Ce qu'on réalise, c'est que dans les régions et les villes où le transport en commun est peu développé, les ménages doivent avoir une voiture et cela exerce une pression importante à la hausse sur leurs dépenses
, explique-t-elle. Il faudra faire attention à l'effet de l'inflation des ménages au bas de l'échelle.
« Ça reste un niveau minimal qu'on établit. Il n'y a pas de luxe qui est possible avec un tel niveau et en contexte inflationniste, ça monte la sensibilité qu'ont les ménages à la hausse des dépenses. »
Ajuster les salaires et les aides gouvernementales
La chercheuse croit que la volatilité du prix de l'essence et l'impact sur le portefeuille devraient influencer les élus à investir davantage dans le transport en commun, autant pour des considérations financières qu'environnementales.
Mais d'abord et avant tout, elle souligne que ces données démontrent l'importance d'ajuster les programmes gouvernementaux au coût de l'inflation. L'IRIS
recommande aussi que le gouvernement prenne en considération les données concernant le revenu viable pour ajuster ses aides aux personnes bénéficiant de l'aide sociale, de la pension de la Sécurité de la vieillesse ou du Supplément de revenu garanti, qui ne suivent pas le coût de la vie. De plus, pour le moment, le salaire minimum au Québec est de 14,25 $ l'heure alors qu'il devrait être au moins 18 $ l'heure pour atteindre le revenu viable.Année après année, ce qu'on constate, c'est que le revenu minimum permet uniquement de couvrir les besoins de base. Ça veut dire qu'on a des milliers et des milliers de travailleurs qui sont considérés comme pauvres
, affirme Julia Posca.
Tout comme Julia Posca, la directrice générale de Moisson Estrie est d'avis que la hausse du salaire minimum à 14,25 $ au Québec est insuffisante pour garantir aux citoyens une vie s'éloigne un tant soit peu du seuil de la pauvreté.
L'organisme confirme qu'il reçoit quotidiennement des citoyens qui vivent sous le seuil de la pauvreté, et qui sont prisonniers de leur propre situation socioéconomique.
Tout ce qui concerne le revenu d'appoint pour personne en difficulté est au-dessous du seuil minimal pour combler des besoins de base. Actuellement, une personne apte à l'emploi qui est sur l'aide sociale reçoit environ 681 $ par mois, ce qui équivaut à 8000 $ par année au total. [...] Malheureusement, un revenu minimal comme ça te permet difficilement d'avoir les outils nécessaires pour prendre des actions pour trouver un emploi
, indique la directrice générale, Geneviève Côté.

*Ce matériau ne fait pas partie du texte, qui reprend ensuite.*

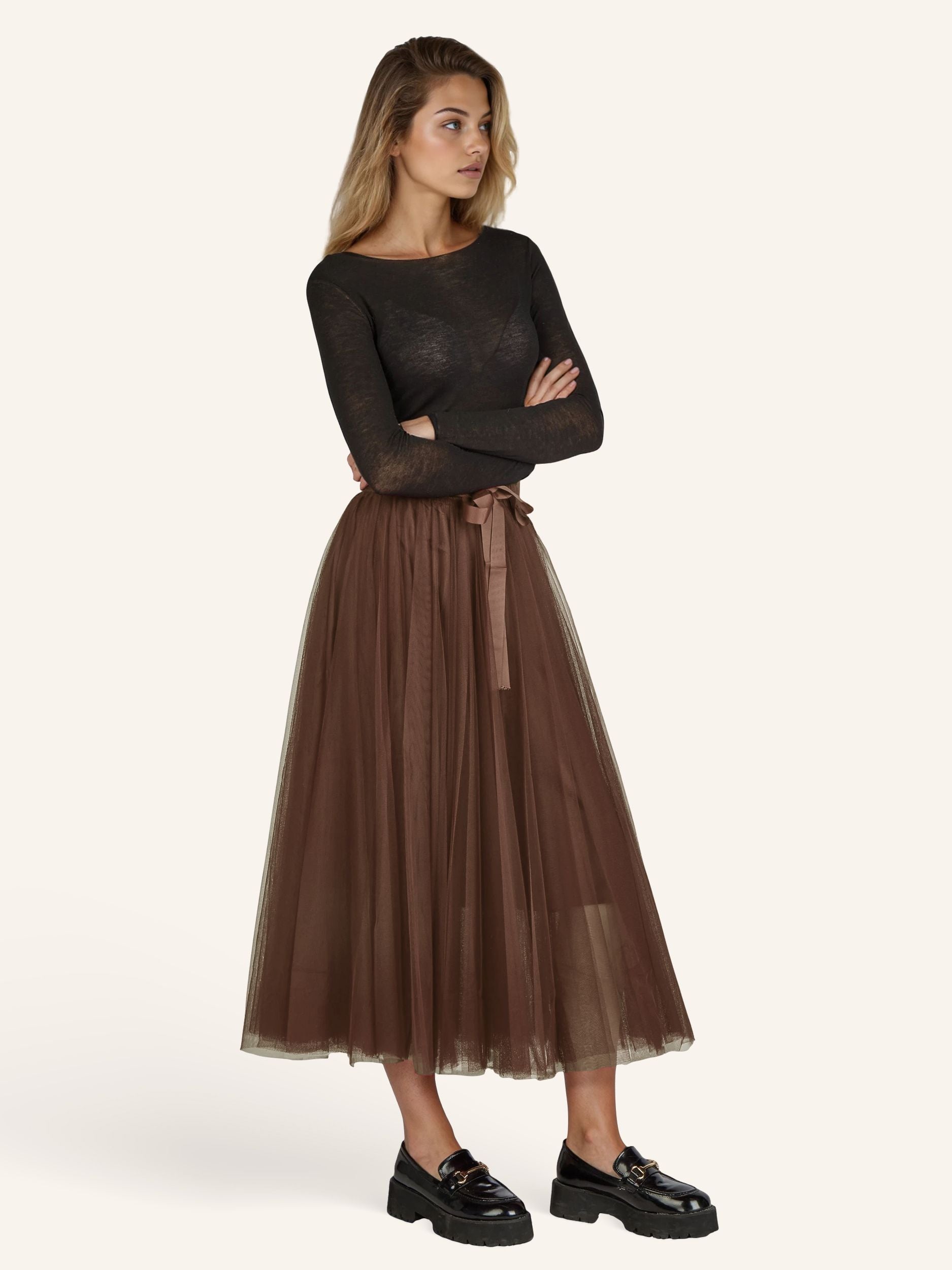 Tüllrock mit Satinband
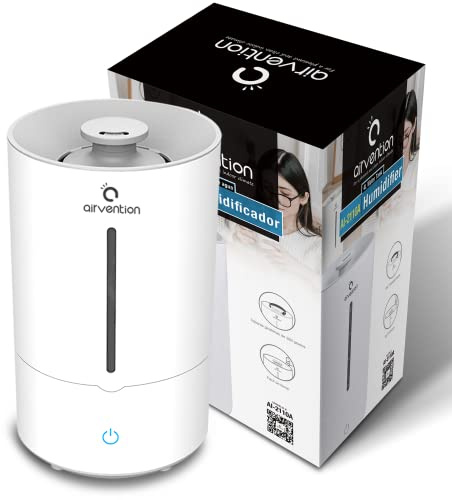 Airvention Ultraschall Luftbefeuchter, 4 Liter, Humidifier, Raumbefeuchter gegen trockene Heizungsluft, sehr leise, Befeuchter geeignet für Kinderzimmer, Schlafzimmer und Baby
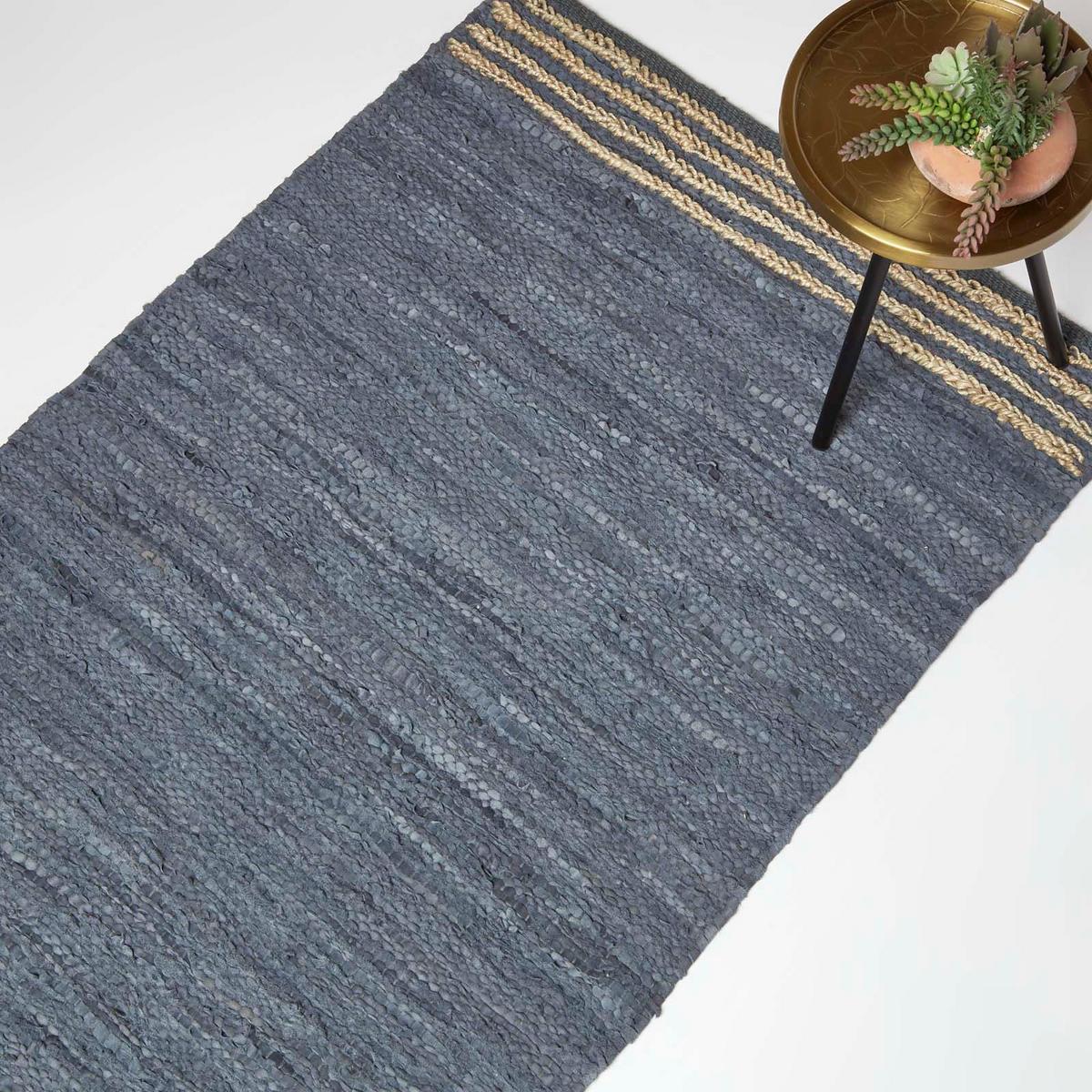 FLICKENTEPPICH aus Recycling-Leder 120/170 cm - Grau, Leder (120/170cm) - Homescapes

« On tombe facilement dans un cercle de besoins ou de pauvreté. »
Geneviève Côté croit que l'accessibilité aux différents services pour les personnes plus démunies doit être améliorée, pour régler en partie le problème.
Il y a aussi plein d'actions que l'on peut faire comme citoyens, il y a de belles initiatives qui sont faites dans chaque communauté. [...] Plus l'aide sera là, mieux ce sera et plus la prévention sera là, plus les résultats y seront.